Award-winning photographer Harold Baquet is the University Photographer at Loyola University New Orleans. His family has been in Louisiana for seven generations, and he has worked as a professional photographer for more than 25 years.
As a photojournalist, he has photographed many New Orleans civil rights and political leaders, and covered the changing social and cultural influences of the region. His work has been featured in national publications including Rolling Stone, in books like The Last Hayride by John MaGinnis, and featured in the collections of museums in New Orleans, Chicago and Washington D.C.
In an interview with LJI today, Baquet listed Gordon Parks' book A Choice of Weapons as an important early interest, helping set his mission of "using photography as a means of revealing the inequities in society." Baquet lists themes such as housing, criminal justice and workers rights as among the issues his work has focused on. He says his decisions as a photographer were never guided by commercial interests, "just things I thought were important."
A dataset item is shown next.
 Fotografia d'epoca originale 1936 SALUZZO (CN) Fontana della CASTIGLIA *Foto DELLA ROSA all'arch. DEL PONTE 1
Baquet has long been inspired by New Orleans and its people. He is especially interested in celebrating the history of resistance that free Black people engaged in. "We defied social conventions by attacking Jim Crow and by attacking the inequities that occurred after reconstruction," he says. In addition, "We were a people that defied European musical convention and invented a new music form. One of the things I want to do is celebrate this history, and this work."
On Wednesday, February 24, from 7:00pm to 8:30pm, Baquet will discuss his 30-plus year career in photography and tell the stories behind the images he has captured during his career. Baquet will discuss his Louisiana roots, as well as New Orleans culture, music, food, faith, work ethic, craft ethic, racial identity, and more. He will also explore how his work relates to his personal experience and motivation. He will also cover the skill sets young people who want to pursue photography as a career should develop.
Loyola University will present the discussion with Baquet at Miller Hall, Room 114, on the Loyola campus. Baquet notes that much of the work on display will be from early in his career. "Most of it has never been published, and most of it had never been seen," he says. For anyone concerned about New Orleans history and its future, this event represents an exciting opportunity.